これらのコマンドは、大きなバイナリデータ(画像など)の一部を操作する際に役立ちます。

5. List (リスト) コマンド

List は順序付けされた文字列のコレクションです。キューやスタックの実装によく使われます。

5.1 LPUSH / RPUSH

リストの先頭(LPUSH)または末尾(RPUSH)に1つ以上の要素を追加します。

  • LPUSH:
    • 構文: LPUSH key element [element ...]
    • 説明: リストの左側(先頭)に指定した要素を順番に追加します。複数の要素を指定した場合、指定した順序でリストの先頭に追加されます(つまり、引数で最後に指定した要素が新しいリストの先頭になります)。キーが存在しない場合、新しいリストが作成されます。キーが存在し、String型以外の場合、エラーになります。
    • 使用例: LPUSH mylist "world", LPUSH mylist "hello" (mylist は [“hello”, “world”] になります), LPUSH newlist A B C (newlist は [“C”, “B”, “A”] になります)
    • 戻り値: Push操作後のリストの長さ。
    • 時間計算量: O(N) ただし N は追加する要素の数。

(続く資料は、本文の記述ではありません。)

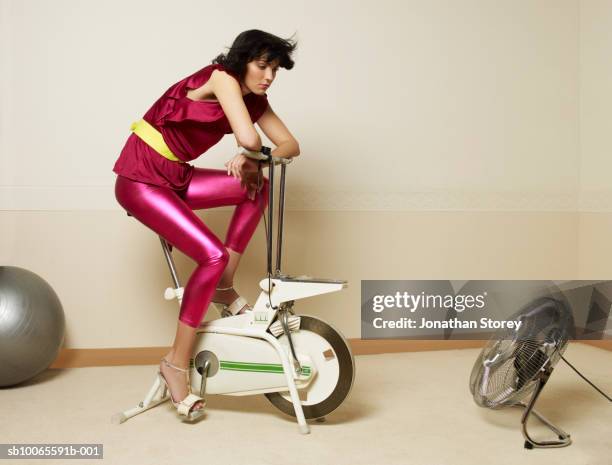 young woman using exercising bike - sloth 個照片及圖片檔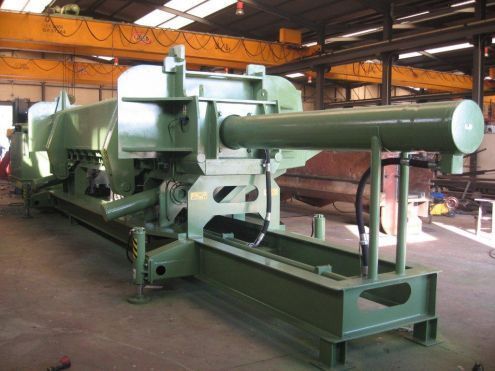 Una gran máquina verde está en un almacén.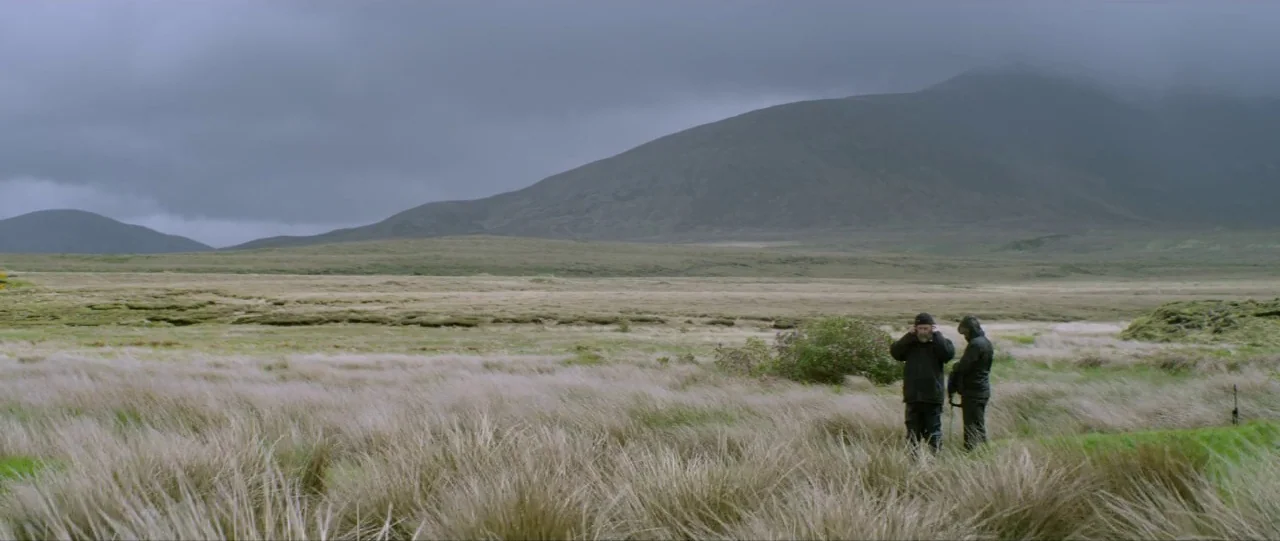 Silence (2012) movie still: wide — A vast, grassy bog landscape stretches toward a large, cloud-covered mountain in the distance. Two men in outdoor…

先頭への追加は常に O(1) ですが、引数解析のコストがあります。
  • RPUSH:
    • 構文: RPUSH key element [element ...]
    • 説明: リストの右側(末尾)に指定した要素を順番に追加します。複数の要素を指定した場合、指定した順序でリストの末尾に追加されます。キーが存在しない場合、新しいリストが作成されます。
    • 使用例: RPUSH mylist "hello", RPUSH mylist "world" (mylist は [“hello”, “world”] になります), RPUSH newlist A B C (newlist は [“A”, “B”, “C”] になります)
    • 戻り値: Push操作後のリストの長さ。
    • 時間計算量: O(N) ただし N は追加する要素の数。末尾への追加は常に O(1) ですが、引数解析のコストがあります。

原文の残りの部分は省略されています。